***** LISTED RECORDS

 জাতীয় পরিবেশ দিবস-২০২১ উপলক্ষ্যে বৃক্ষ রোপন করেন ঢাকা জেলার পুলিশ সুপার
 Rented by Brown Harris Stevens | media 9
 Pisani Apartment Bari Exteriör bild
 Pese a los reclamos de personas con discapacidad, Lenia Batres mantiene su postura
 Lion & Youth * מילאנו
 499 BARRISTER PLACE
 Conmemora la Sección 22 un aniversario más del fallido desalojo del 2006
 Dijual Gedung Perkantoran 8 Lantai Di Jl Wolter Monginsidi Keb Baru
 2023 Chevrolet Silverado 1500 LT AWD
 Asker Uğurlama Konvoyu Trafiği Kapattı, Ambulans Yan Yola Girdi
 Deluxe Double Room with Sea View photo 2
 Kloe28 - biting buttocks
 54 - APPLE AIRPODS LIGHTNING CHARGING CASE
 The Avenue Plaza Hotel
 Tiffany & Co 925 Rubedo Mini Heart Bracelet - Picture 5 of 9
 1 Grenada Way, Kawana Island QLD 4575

**********

YOUR OBJECTIVE
Could you print, exactly and with nothing else, the lines from the one containing "54 - APPLE AIRPODS LIGHTNING CHARGING CASE" through the last line of the records above?

RESPONSE TO THIS EXERCISE
 54 - APPLE AIRPODS LIGHTNING CHARGING CASE
 The Avenue Plaza Hotel
 Tiffany & Co 925 Rubedo Mini Heart Bracelet - Picture 5 of 9
 1 Grenada Way, Kawana Island QLD 4575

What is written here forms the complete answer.